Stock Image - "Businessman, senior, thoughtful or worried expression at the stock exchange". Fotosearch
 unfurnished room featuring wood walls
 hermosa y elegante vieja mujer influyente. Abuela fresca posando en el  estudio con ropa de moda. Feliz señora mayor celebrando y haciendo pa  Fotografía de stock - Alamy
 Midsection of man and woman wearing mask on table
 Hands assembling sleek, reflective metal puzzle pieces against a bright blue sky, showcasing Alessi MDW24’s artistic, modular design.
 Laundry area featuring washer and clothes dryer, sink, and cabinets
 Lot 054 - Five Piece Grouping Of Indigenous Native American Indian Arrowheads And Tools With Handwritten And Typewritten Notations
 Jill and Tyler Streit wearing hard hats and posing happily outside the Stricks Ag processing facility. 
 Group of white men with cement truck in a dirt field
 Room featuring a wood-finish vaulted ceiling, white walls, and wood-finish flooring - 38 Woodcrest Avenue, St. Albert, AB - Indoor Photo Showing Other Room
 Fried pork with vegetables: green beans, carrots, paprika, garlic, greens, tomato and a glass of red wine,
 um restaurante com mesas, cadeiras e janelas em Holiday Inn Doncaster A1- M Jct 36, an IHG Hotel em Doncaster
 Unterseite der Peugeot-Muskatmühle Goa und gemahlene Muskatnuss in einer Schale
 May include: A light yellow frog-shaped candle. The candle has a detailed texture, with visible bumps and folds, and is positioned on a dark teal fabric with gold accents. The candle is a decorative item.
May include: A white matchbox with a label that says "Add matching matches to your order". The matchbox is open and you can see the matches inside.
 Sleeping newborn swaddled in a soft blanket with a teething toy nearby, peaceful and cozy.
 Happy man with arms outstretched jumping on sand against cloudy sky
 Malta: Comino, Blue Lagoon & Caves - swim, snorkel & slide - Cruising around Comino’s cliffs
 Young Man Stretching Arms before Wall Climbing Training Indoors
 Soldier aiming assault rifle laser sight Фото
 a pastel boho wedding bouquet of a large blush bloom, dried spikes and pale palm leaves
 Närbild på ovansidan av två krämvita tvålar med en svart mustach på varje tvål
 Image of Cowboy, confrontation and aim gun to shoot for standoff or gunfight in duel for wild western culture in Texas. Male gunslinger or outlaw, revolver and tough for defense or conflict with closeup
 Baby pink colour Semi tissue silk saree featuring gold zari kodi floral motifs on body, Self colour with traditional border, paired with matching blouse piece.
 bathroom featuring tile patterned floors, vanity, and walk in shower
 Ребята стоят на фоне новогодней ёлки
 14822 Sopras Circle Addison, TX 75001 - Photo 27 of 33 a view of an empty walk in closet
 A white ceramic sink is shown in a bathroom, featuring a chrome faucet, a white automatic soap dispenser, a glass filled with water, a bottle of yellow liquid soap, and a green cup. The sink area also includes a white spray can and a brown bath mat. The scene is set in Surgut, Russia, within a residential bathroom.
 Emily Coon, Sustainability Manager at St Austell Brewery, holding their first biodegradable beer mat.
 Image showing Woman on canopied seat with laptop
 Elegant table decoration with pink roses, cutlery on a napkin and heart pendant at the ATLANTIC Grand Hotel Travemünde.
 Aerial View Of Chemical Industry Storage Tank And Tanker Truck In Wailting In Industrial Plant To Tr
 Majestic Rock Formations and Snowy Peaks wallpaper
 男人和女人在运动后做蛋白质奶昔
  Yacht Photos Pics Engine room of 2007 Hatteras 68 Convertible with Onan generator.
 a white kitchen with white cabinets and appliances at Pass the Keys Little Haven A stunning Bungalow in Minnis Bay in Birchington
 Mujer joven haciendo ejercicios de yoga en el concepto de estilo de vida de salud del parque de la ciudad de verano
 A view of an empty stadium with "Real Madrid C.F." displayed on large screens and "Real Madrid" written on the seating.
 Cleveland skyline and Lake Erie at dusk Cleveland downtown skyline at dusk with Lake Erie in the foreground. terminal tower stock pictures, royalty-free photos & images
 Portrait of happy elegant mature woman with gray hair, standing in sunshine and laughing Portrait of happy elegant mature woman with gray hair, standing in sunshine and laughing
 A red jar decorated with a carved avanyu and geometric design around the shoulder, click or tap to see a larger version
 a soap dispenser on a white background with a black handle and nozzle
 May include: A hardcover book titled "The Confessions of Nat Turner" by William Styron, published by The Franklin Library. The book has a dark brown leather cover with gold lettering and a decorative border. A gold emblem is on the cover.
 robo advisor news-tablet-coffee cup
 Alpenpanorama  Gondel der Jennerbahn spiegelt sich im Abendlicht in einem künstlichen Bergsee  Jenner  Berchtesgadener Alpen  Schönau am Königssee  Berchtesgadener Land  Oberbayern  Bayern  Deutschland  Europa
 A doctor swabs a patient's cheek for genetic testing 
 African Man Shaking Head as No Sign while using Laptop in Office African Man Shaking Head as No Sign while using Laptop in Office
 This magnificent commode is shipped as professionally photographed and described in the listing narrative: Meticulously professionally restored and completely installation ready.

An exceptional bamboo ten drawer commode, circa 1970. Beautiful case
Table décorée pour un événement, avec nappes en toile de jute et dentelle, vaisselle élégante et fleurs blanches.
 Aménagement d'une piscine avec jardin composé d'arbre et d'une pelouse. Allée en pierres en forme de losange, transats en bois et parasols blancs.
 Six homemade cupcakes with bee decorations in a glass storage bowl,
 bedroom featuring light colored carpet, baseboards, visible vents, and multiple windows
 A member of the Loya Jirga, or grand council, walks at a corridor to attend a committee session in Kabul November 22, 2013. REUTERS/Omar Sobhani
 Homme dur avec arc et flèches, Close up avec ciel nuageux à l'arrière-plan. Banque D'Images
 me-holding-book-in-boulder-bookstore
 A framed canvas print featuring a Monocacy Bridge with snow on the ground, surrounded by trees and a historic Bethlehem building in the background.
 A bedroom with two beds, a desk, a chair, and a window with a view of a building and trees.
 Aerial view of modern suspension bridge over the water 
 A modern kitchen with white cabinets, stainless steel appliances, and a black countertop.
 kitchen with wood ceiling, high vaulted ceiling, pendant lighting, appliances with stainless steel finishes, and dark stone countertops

_TASK DETAILS_.
Every line above that contains the word "background" should be reported.

_ANSWER SECTION_.
 a soap dispenser on a white background with a black handle and nozzle
 A framed canvas print featuring a Monocacy Bridge with snow on the ground, surrounded by trees and a historic Bethlehem building in the background.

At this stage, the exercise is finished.